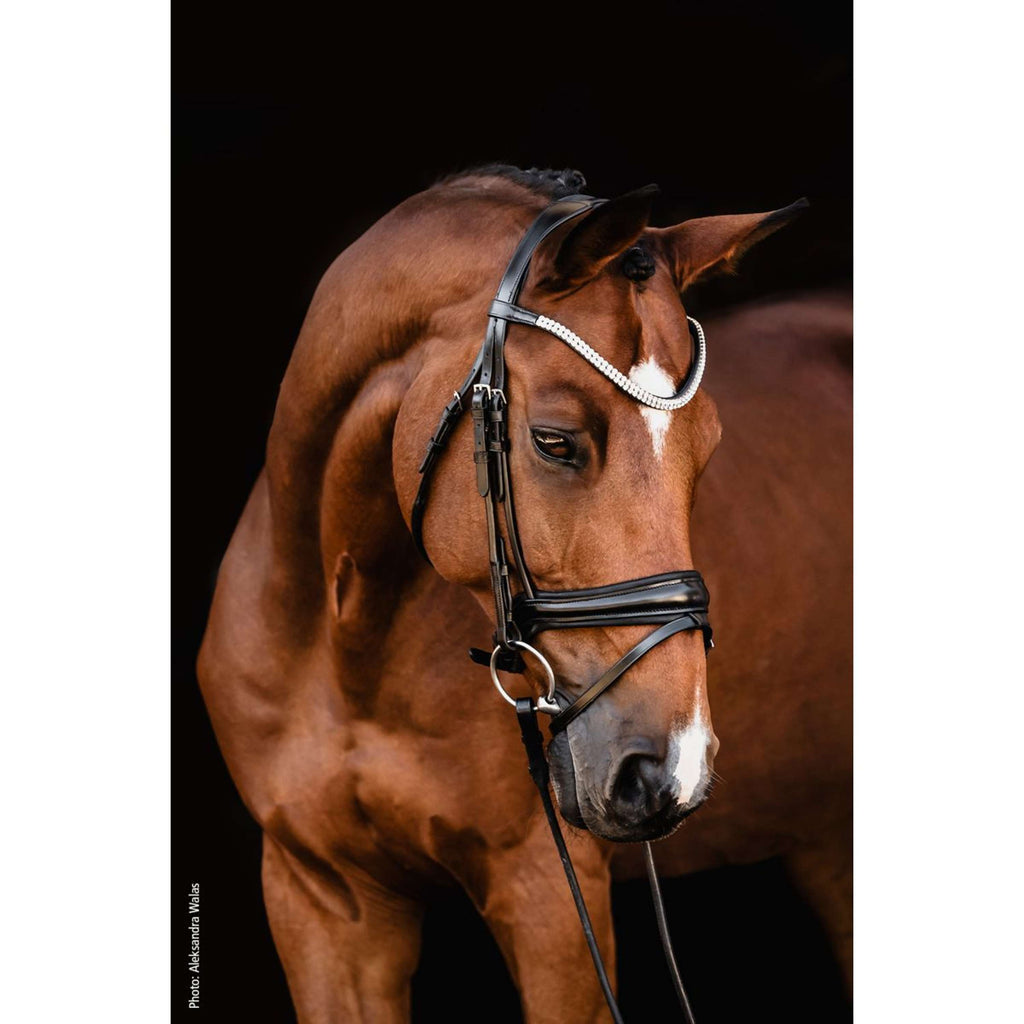 Schockemöhle Snaffle Bridle SP Isabell Werth Johnny Black/Silver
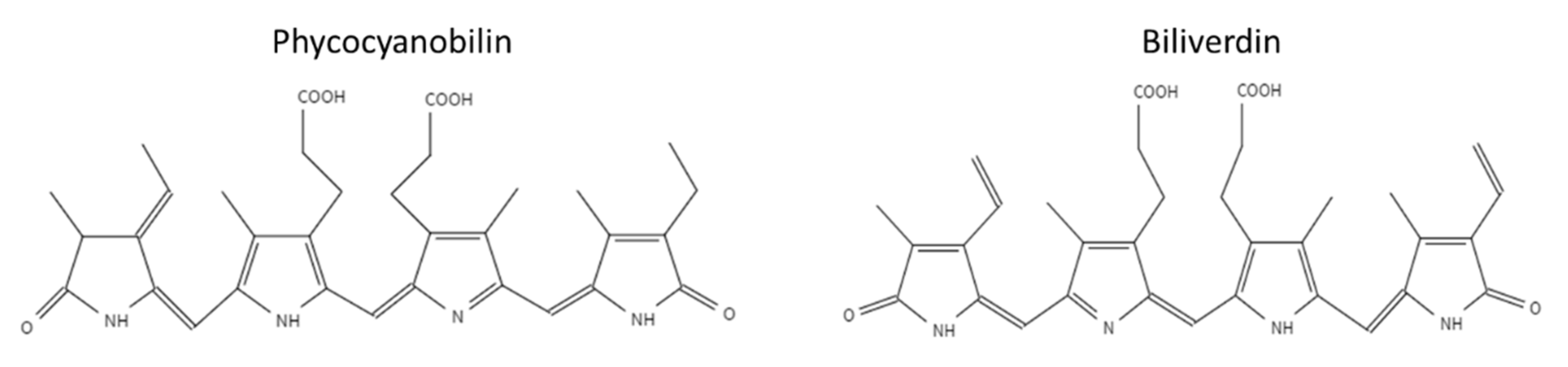 Antioxidants 12 00568 g001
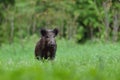 Wild boar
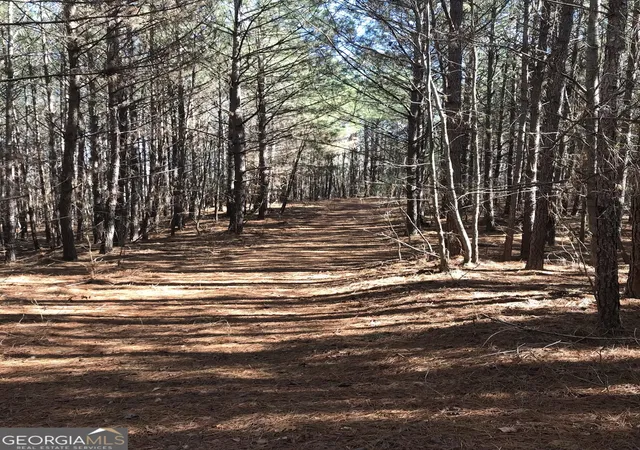 Photo 3 of Sale Pending at 0 S River Rd, Douglasville, GA 30135 | MLS# 20077162 | Listing updated on 2026-06-03
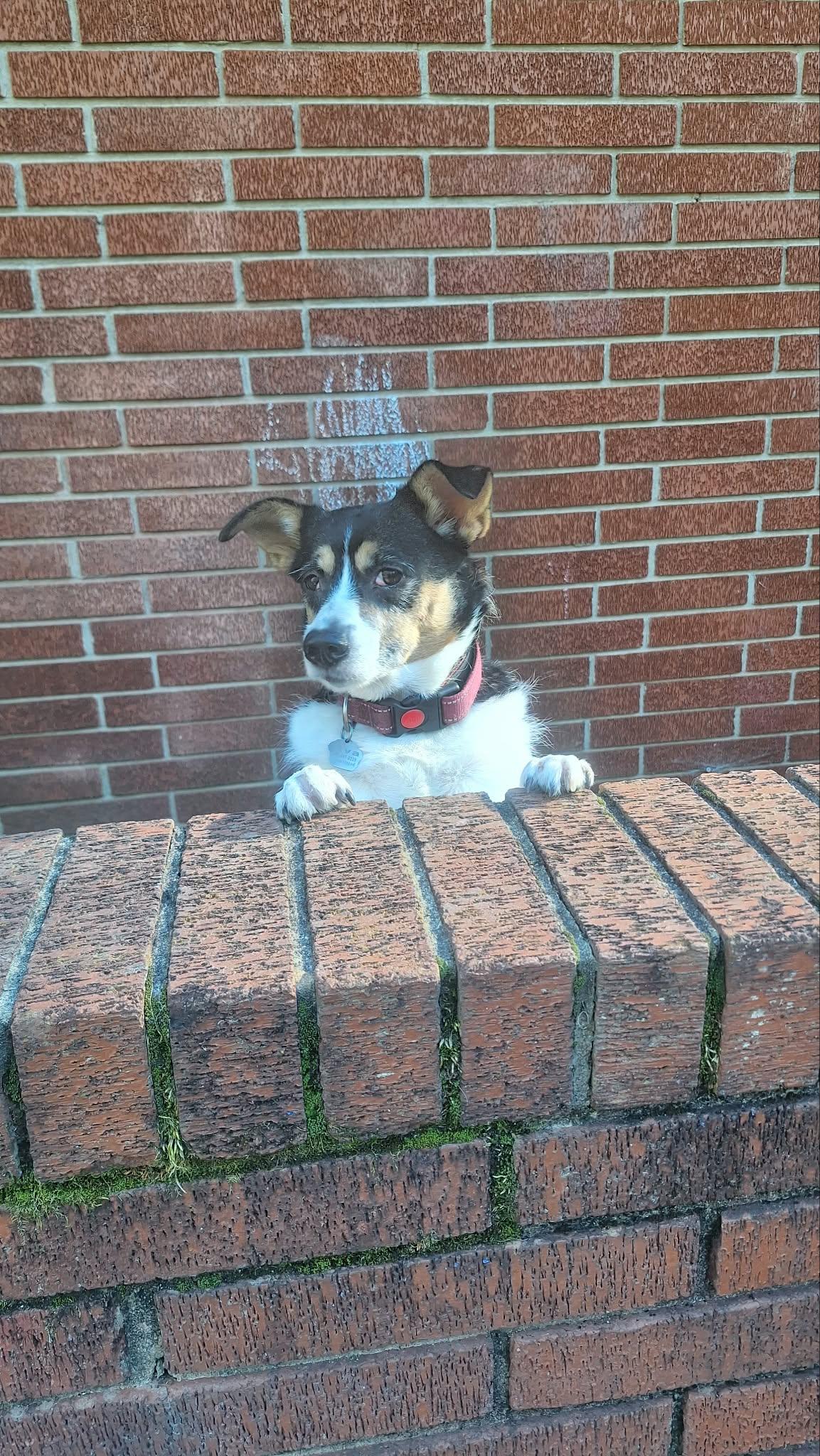 Enlarge LuLu, a Adoptable mixed breed in Oak ridge, TN image 4/6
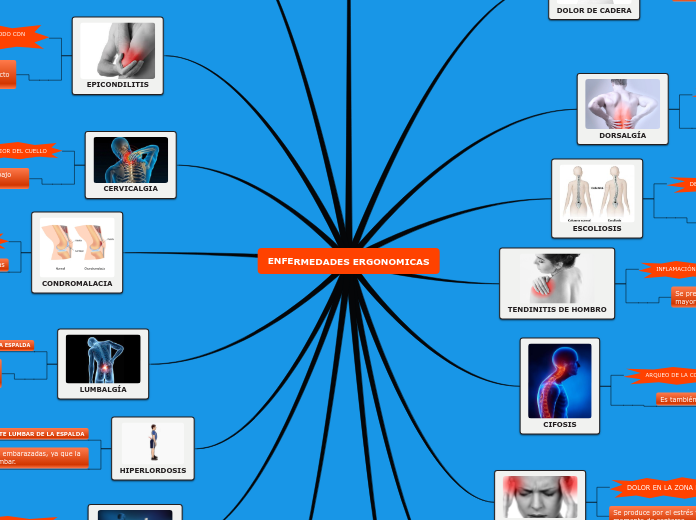 ENFERMEDADES ERGONOMICAS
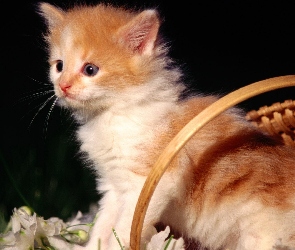 Rudy, Kotek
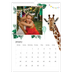 A3 photo calendars — Watercolour animals [January]
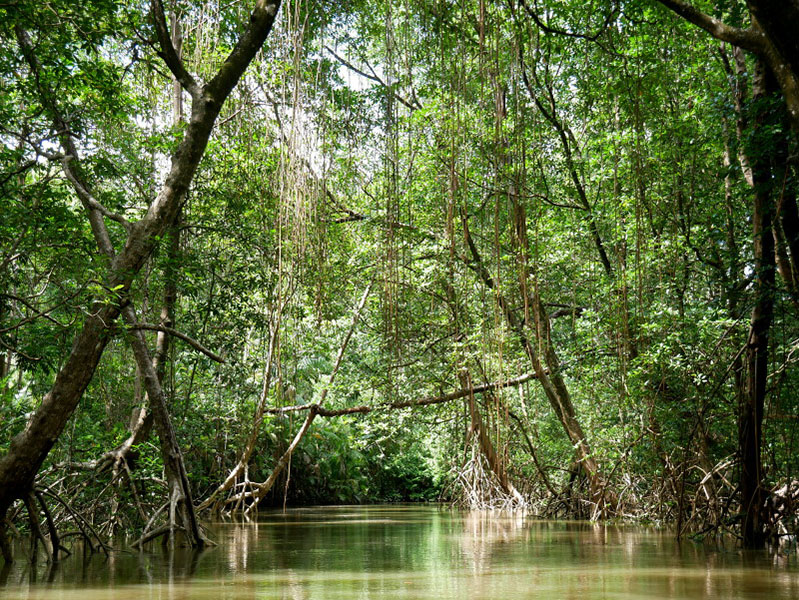 Mangroven Kanal grün açaí Beere Furo do Miguelão Brasilien Amazonas
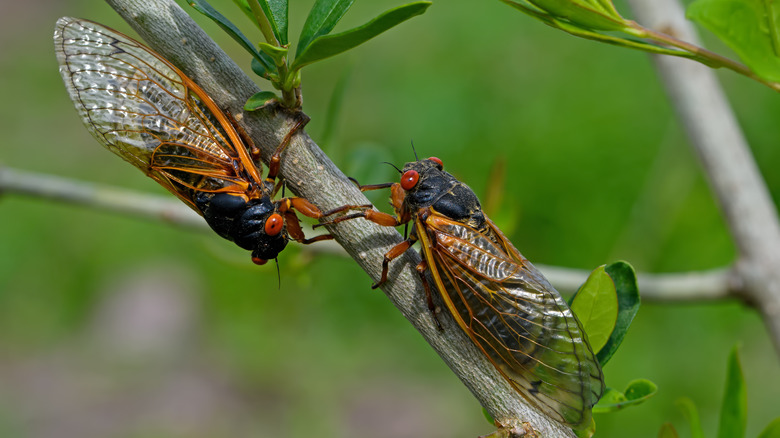 Two cicadas on a tree limb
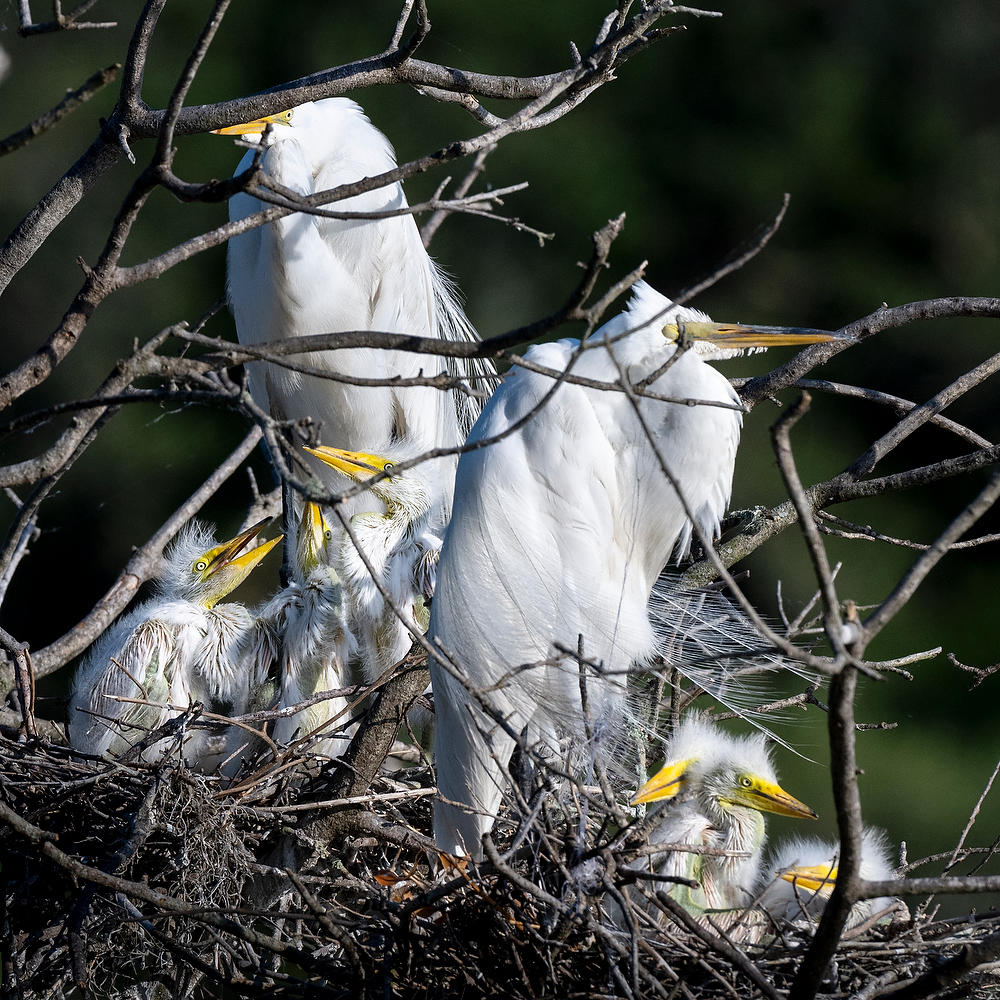 Snowy Egrets Six Chicks 042224-636 : Critters : Will Dickey Florida Fine Art Nature and Wildlife Photography - Images of Florida's First Coast - Nature and Landscape Photographs of Jacksonville, St. Augustine, Florida nature preserves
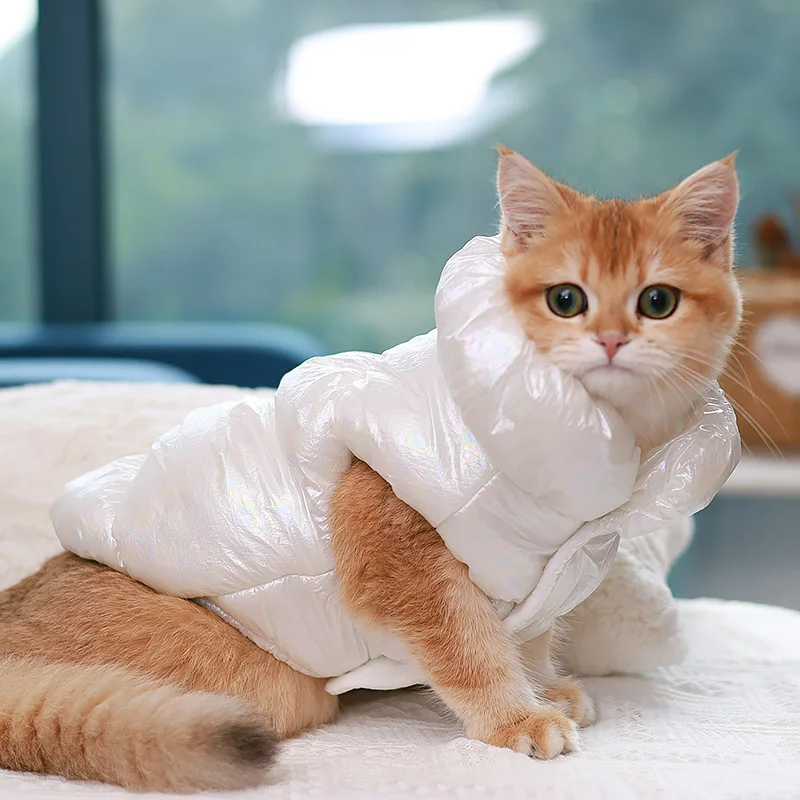 Chaleco de princesa para gatos, abrigo de lana, ropa cálida para perros, chaqueta de plumas para perros pequeños y medianos, ropa para mascotas, abrigos de disfraz para cachorros y Bulldogs, XS-XXL - imagen 3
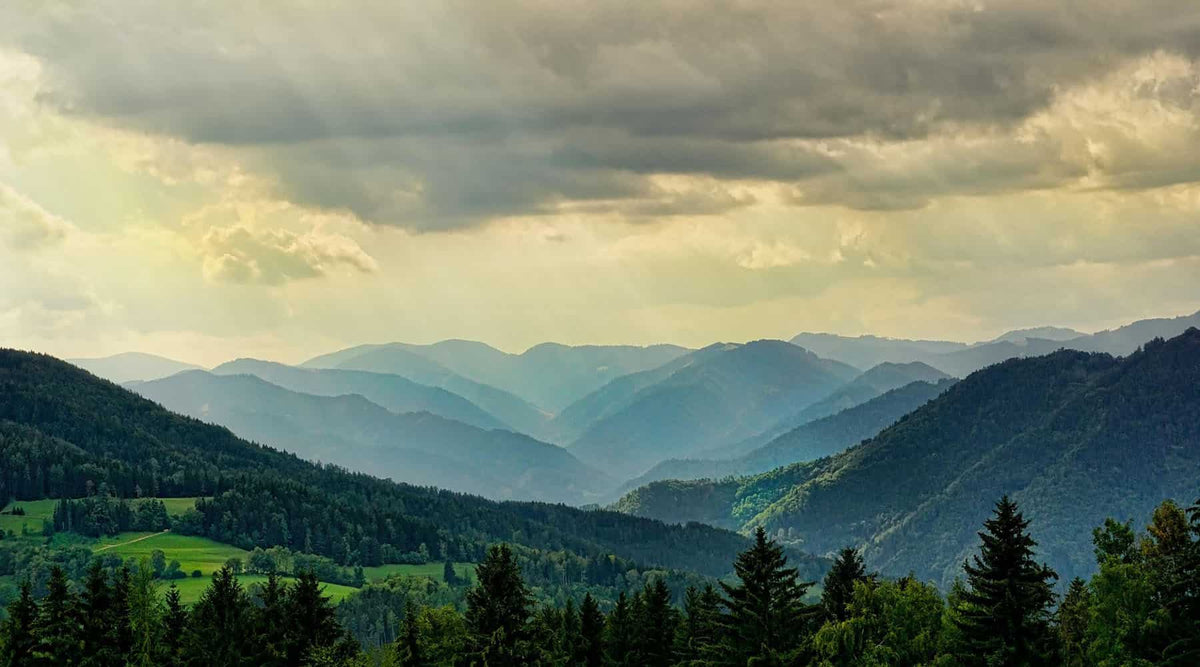Banner of a green valley reflection on creation and evolution as a Christian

#### What the task requires:
From the opening line of the listing above through the line bearing "Two cicadas on a tree limb", repeat each line exactly. Drop every picture.

#### Solved problem:
 Schockemöhle Snaffle Bridle SP Isabell Werth Johnny Black/Silver
 Antioxidants 12 00568 g001
 Wild boar
 Photo 3 of Sale Pending at 0 S River Rd, Douglasville, GA 30135 | MLS# 20077162 | Listing updated on 2026-06-03
 Enlarge LuLu, a Adoptable mixed breed in Oak ridge, TN image 4/6
 ENFERMEDADES ERGONOMICAS
 Rudy, Kotek
 A3 photo calendars — Watercolour animals [January]
 Mangroven Kanal grün açaí Beere Furo do Miguelão Brasilien Amazonas
 Two cicadas on a tree limb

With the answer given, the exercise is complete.